→ EXERCISE BRIEF:
Return all the lines below exactly. Any picture among them is omitted.

→ DATA SECTION:
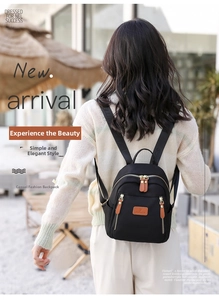 Detailed outdoor view of a black nylon mini backpack with brown leather accents and logo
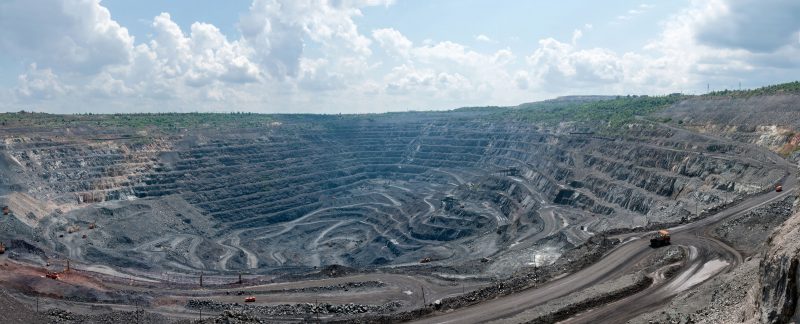37151779 - panorama of quarry extracting iron ore with heavy trucks, excavators, diggers and locomotives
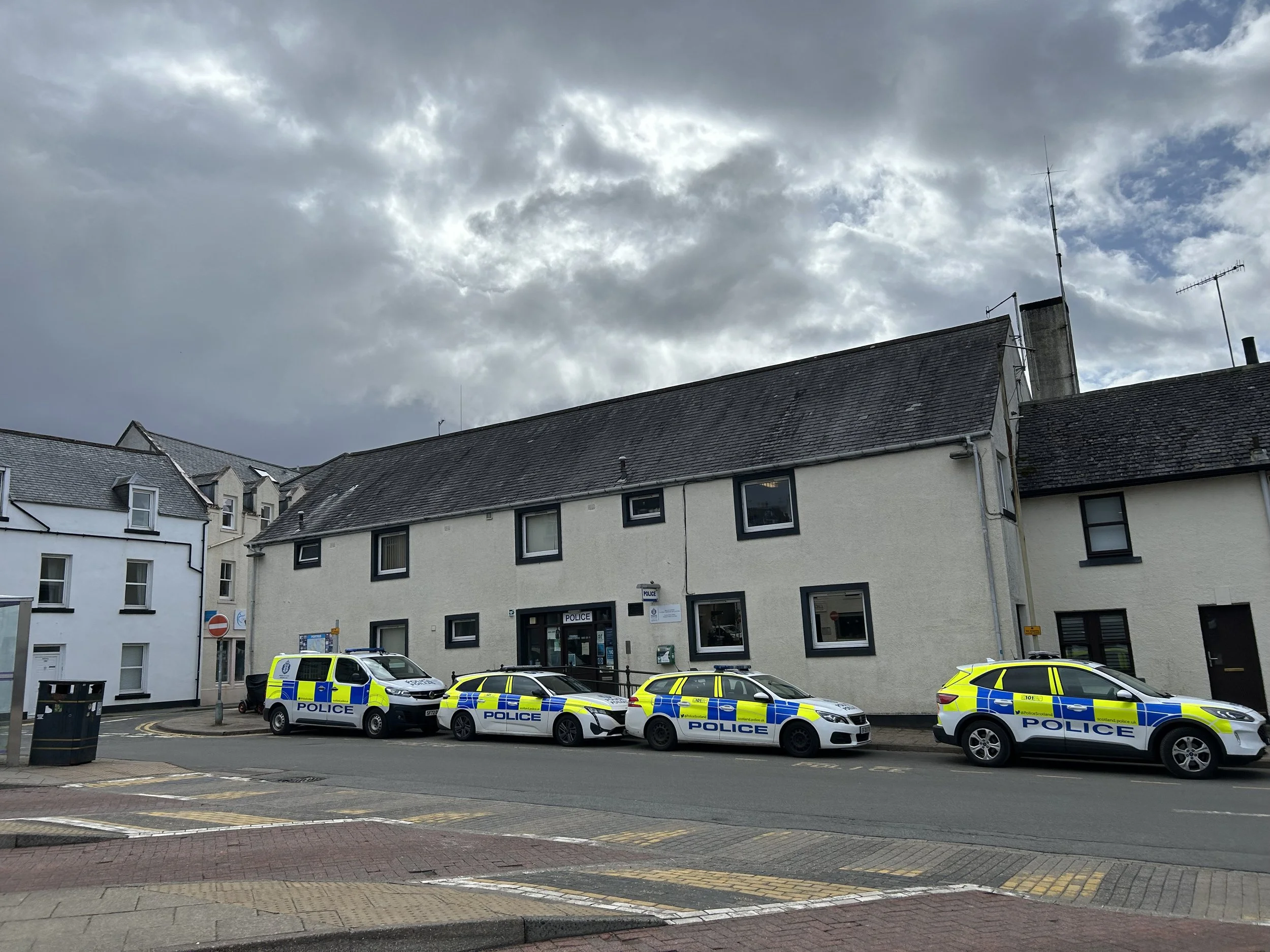 Four police vehicles parked in front of a white building on a street with cloudy sky overhead.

→ OUTPUT FOR THIS TASK:
 Detailed outdoor view of a black nylon mini backpack with brown leather accents and logo
37151779 - panorama of quarry extracting iron ore with heavy trucks, excavators, diggers and locomotives
 Four police vehicles parked in front of a white building on a street with cloudy sky overhead.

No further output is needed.